Shelton tackles TV work and a new multimillion-dollar feature

Before directing an episode of “Mad Men” in 2006, Lynn Shelton was the ultimate indie film outsider. “I had been in the hinterlands making movies,” recalls the Seattle-based writer-director. “I never went to film school; I never worked in L.A.; I never worked with a union crew; I never worked on a soundstage. Suddenly, I felt: ‘Now I am playing with the grownups.’?”

But the no-budget filmmaker (“We Go Way Back,” “My Effortless Brilliance”) and mumblecore actress (Joe Swanberg’s Web series “Young American Bodies,” among others), caught the industry’s eye with her third directorial outing, 2009′s “Humpday,” a comedy about two male friends who set out to prove their hipness by making a gay porno together.

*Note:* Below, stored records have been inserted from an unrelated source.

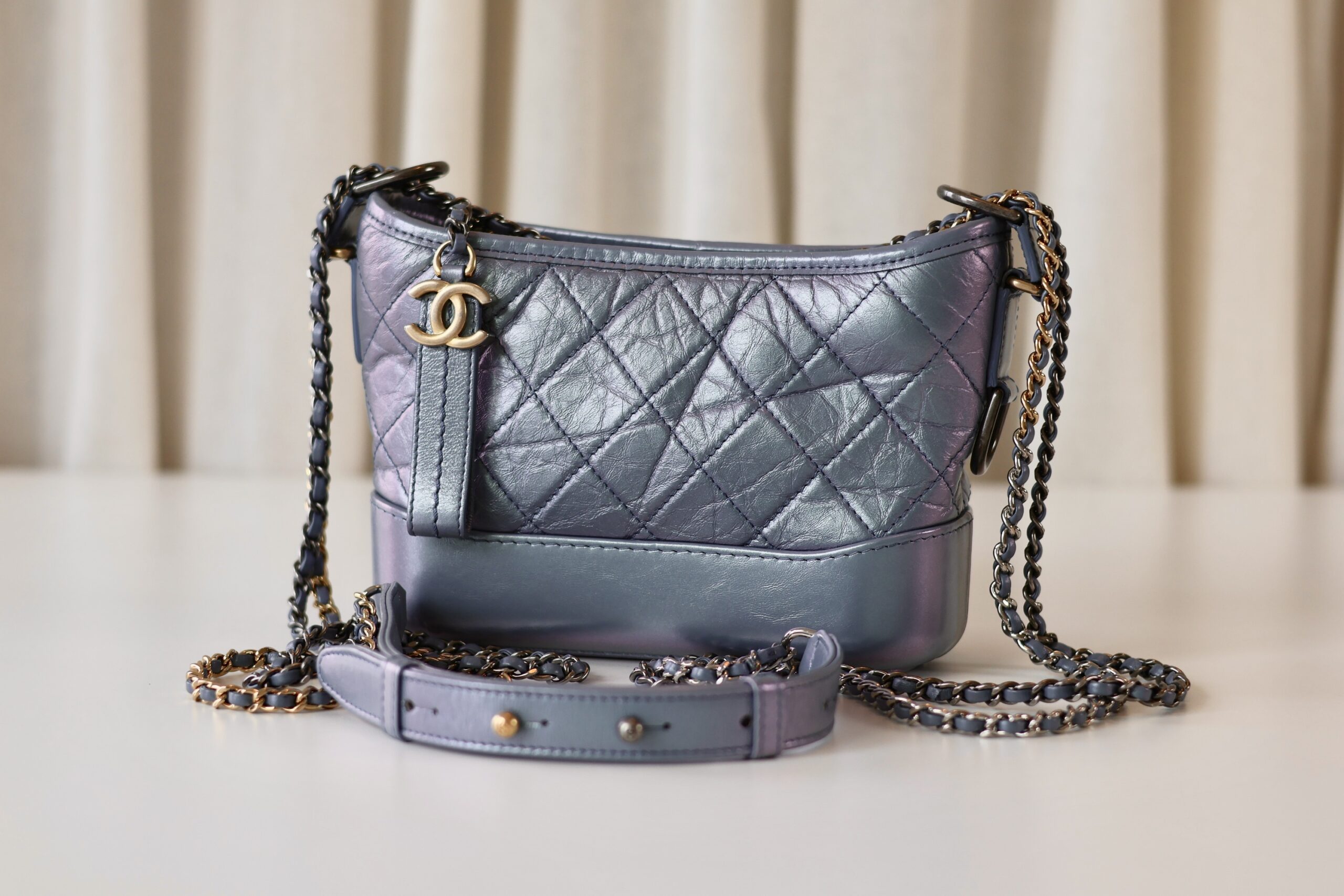 Chanel metallic blue Gabrielle small - Image 6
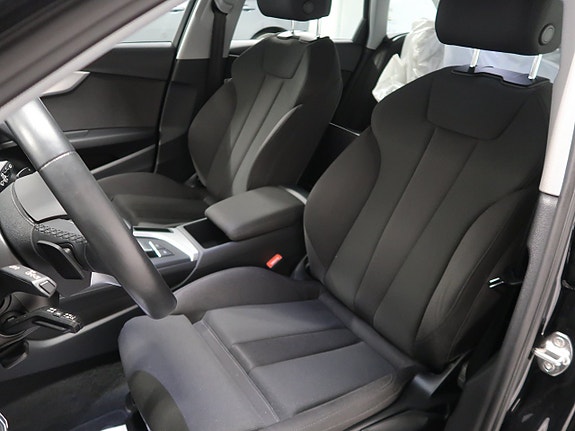 Audi A4 17 of 30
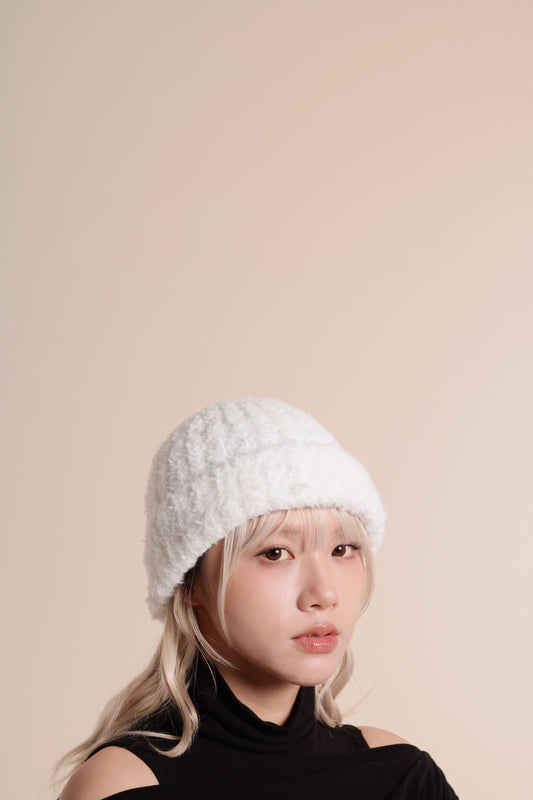 Momo Beanie (White)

The pic won a Special Jury Prize at Sundance.

Mark Duplass, who stars in “Humpday” and Shelton’s follow-up “Your Sister’s Sister,” says Shelton’s love and empathy for her characters is what convinces the thesps who play them to abandon all reserve. “Actors will almost always follow her headlong into the abyss,” he says. “I sure as hell do.”

Shelton initially worried her transition to television would be difficult. “But not only did my skill sets transfer, it was a great fit,” she says, “because I’ve made three movies in a row that all took under two weeks to make, and that’s what TV is about: quality and speed.”

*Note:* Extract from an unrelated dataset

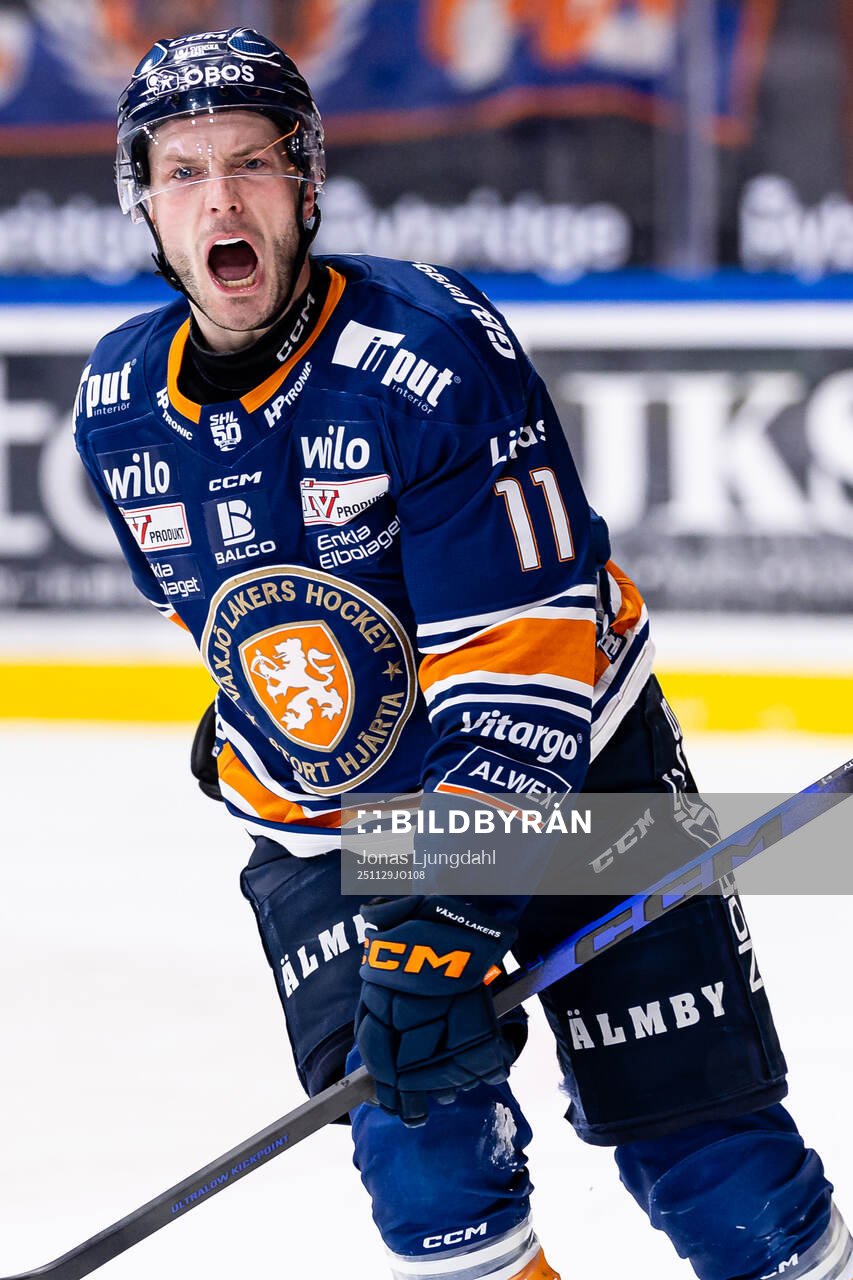 Växjös Brogan Rafferty jublar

Shelton is certainly speedy. After making “Your Sister’s Sister,” which also stars Rosemary Dewitt and Emily Blunt, she’s in post on a fifth film, “Touchy Feely,” a multipart narrative with Dewitt and Ellen Page. She also signed on to direct her second episode of Fox’s “New Girl,” and is prepping another feature, “Laggies,” set to star Paul Rudd and Rebecca Hall, for Anonymous Content — “my first multimillion movie,” she says.

While she acknowledges working with a bigger budget will be a nice leap, Shelton doesn’t want to forego the intimate, improvisational comedic dramas that have defined her career so far.

“I’m not looking to do a $20 million movie just because it’s a $20 million movie,” she says. “Because I didn’t get here until I was 39, I don’t want to give a year and half of my life to projects that I’m not passionate about.”